Before the last month I hadn’t written any Java in anger in 20 years. My professional path took me into the world of communicating and away from programming. Now it’s converged again as I embark on my developer advocacy journey. One of the things that I’ve already learned is that the Java world has changed, a lot. This blog gives you a whirlwind tour of the last 20 years, specifically with ownership and versions.

When I skipped town, Java was owned by Sun Microsystems and incrementing versioning in a fairly standard way. They started with 1.0 JDK in 1996, then 1.1 JDK in 1997, it became J2SE at version 1.2 in 1998, moving to 1.3 in 2000, and then 1.4 in 2002. You get the idea. Imagine my surprise when they jumped to Java SE 5.0 in 2004. 

Now there’s one really important point here that I know if I don’t mention it I will officially be “wrong on the internet”. There is a difference between what Sun called Java to the masses and what it really was underneath. For that reason I’ve distinguished between the marketing name and the version that would have been returned had you asked Java what version it was in the following diagrams. The text uses the marketing name for ease of reading.

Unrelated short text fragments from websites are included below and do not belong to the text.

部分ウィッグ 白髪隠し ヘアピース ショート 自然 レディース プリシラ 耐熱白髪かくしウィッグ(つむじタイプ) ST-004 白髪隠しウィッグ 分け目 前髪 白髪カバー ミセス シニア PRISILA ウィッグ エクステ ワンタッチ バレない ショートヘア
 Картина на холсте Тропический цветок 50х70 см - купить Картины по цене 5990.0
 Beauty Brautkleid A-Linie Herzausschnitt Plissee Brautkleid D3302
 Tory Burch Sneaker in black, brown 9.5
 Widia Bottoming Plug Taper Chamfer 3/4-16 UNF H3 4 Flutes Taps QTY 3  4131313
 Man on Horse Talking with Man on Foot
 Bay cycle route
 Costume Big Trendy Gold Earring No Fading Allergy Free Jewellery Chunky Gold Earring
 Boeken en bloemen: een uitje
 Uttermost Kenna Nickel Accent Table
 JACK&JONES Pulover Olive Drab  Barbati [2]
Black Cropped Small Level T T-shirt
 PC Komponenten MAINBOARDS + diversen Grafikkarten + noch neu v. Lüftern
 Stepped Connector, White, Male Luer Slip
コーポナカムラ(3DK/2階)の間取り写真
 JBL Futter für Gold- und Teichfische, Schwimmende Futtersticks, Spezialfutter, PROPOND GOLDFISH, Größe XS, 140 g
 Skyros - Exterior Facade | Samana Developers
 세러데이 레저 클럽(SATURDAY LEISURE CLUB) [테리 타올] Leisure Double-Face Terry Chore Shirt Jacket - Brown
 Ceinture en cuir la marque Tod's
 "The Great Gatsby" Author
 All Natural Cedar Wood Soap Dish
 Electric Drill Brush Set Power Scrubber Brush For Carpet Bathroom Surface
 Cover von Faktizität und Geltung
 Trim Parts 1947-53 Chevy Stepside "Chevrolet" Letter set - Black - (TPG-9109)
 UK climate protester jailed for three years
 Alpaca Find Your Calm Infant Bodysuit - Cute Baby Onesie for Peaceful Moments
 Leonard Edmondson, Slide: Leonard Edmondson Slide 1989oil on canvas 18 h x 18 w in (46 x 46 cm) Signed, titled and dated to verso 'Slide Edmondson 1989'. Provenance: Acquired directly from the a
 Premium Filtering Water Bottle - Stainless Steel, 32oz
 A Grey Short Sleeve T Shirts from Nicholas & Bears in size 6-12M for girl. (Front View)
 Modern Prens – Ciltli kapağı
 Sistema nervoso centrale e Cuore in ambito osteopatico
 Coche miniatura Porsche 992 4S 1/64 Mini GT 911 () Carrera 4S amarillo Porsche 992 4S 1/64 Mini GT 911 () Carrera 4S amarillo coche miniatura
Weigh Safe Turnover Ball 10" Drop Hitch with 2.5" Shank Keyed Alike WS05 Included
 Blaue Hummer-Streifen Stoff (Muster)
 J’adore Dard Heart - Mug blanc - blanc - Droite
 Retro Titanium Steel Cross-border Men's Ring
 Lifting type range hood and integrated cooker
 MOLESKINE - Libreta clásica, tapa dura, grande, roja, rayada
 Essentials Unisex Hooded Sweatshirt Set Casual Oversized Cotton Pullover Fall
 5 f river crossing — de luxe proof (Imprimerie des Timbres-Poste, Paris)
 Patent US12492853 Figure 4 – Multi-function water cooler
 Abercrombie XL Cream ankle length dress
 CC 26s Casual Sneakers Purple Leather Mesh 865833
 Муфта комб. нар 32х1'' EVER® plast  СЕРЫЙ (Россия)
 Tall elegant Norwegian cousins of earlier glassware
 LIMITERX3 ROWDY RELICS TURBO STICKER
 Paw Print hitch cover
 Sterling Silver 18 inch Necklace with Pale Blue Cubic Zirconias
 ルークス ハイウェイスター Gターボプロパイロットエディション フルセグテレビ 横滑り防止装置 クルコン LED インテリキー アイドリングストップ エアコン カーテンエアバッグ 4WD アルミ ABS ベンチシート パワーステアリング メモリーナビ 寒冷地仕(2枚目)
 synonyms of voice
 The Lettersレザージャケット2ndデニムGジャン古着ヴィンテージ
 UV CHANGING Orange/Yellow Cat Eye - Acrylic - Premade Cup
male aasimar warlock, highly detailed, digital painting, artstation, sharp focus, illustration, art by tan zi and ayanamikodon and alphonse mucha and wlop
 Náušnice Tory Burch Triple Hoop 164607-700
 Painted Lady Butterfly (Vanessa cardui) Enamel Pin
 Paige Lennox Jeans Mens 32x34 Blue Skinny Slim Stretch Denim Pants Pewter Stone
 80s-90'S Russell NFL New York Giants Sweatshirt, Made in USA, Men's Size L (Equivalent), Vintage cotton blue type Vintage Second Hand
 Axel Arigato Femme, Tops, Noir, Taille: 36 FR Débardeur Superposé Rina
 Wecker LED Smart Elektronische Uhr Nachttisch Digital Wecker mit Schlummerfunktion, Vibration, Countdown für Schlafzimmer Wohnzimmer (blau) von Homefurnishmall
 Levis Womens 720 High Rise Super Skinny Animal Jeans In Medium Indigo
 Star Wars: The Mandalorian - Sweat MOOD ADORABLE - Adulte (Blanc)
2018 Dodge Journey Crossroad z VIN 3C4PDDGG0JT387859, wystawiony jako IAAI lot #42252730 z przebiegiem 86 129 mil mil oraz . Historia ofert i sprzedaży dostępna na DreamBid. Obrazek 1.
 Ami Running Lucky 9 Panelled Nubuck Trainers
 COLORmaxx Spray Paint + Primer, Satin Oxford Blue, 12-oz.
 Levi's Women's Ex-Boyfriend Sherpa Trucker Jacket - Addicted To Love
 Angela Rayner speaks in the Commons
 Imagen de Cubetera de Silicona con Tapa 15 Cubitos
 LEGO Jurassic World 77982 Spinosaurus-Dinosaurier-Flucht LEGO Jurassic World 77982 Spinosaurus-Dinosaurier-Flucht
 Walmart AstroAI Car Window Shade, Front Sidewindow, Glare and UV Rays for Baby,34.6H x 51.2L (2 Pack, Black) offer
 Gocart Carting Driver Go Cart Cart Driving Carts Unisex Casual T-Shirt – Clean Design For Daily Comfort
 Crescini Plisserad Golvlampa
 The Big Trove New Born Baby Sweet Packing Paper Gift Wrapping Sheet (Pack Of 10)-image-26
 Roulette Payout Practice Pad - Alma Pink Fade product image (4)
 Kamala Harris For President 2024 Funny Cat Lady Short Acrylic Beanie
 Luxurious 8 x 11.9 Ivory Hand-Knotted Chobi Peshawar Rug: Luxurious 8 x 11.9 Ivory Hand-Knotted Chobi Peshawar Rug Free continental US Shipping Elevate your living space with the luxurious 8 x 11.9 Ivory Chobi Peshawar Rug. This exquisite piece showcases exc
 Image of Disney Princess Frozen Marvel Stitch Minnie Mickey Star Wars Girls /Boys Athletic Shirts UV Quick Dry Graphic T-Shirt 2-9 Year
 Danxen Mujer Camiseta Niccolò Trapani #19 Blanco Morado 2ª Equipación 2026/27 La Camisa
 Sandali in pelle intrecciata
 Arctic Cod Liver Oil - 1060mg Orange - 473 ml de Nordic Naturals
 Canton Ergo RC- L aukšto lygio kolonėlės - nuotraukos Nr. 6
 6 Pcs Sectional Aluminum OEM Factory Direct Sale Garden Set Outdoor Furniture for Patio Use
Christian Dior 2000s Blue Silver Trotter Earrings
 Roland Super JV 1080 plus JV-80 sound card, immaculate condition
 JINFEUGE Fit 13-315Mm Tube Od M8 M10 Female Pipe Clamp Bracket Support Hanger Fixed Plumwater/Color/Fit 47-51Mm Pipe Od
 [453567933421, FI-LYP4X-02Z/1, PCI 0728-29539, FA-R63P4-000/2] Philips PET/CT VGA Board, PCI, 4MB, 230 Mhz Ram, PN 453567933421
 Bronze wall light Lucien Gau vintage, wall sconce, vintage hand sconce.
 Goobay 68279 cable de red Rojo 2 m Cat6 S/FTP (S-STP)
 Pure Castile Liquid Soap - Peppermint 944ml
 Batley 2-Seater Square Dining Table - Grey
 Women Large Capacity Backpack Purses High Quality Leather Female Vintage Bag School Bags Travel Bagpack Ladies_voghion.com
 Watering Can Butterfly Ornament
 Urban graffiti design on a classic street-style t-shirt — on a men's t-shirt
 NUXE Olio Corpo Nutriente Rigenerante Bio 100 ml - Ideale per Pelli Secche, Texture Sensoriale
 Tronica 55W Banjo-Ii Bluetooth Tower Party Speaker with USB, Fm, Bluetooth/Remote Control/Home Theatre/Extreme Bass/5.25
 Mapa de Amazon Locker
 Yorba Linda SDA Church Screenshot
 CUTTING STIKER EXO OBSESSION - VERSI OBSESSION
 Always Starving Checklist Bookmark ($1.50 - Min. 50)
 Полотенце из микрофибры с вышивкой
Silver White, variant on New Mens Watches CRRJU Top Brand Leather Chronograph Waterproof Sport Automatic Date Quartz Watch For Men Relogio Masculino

Another two years went by, and we ushered in Java SE 6 in 2006 – this release didn’t have a minor version either, just 6, outwardly at least. There was then a strange lull until 2011 (that’s 5 years!) before we said hello to Java SE 7. This gap is at least partly explained by Oracle Corporation buying over from Sun Microsystems on the Java front. Java has had its fair share of criticism when it comes to the speed of its growth, I presume in part due to this lull.

However in 2011 Java 7 landed and the world moved on again. I got married in that lull and learned that real adulting largely involved early nights and paying bills. Apparently you can’t get by on 4 hours sleep and a large quantity of wine.

The unstable cadence of releases continued for a bit with Oracle at the helm, but 2014 brought us a huge release in the form of Java 8. Oracle also labelled this a Long Term Support (LTS) release, which means that there are some licensing implementations for the OracleJDK which I’ll cover in a future post. 

Another couple of years went by, I found out that I liked lifting weights, and in September 2017 we saw Java SE 9 with Java SE 10 hot on its heels in March 2018. Wait a minute! Did you just say 6 months between a release? Yes, yes I did.

And that’s why, in 20 years we were now almost on Java SE 15; Oracle’s model of releasing is every 6 months. It doesn’t matter what is in there, they will categorically release Java every six months and they will increment the whole version number when they do so. Whatever functionality is finished goes in. I will cover exactly how functionality gets into Java in a future post.

At time of posting we’re rapidly marching towards the September 2020 release of Java SE 15! Java has changed, a lot. It has grown, it has matured and it’s stronger than ever. That makes two of us!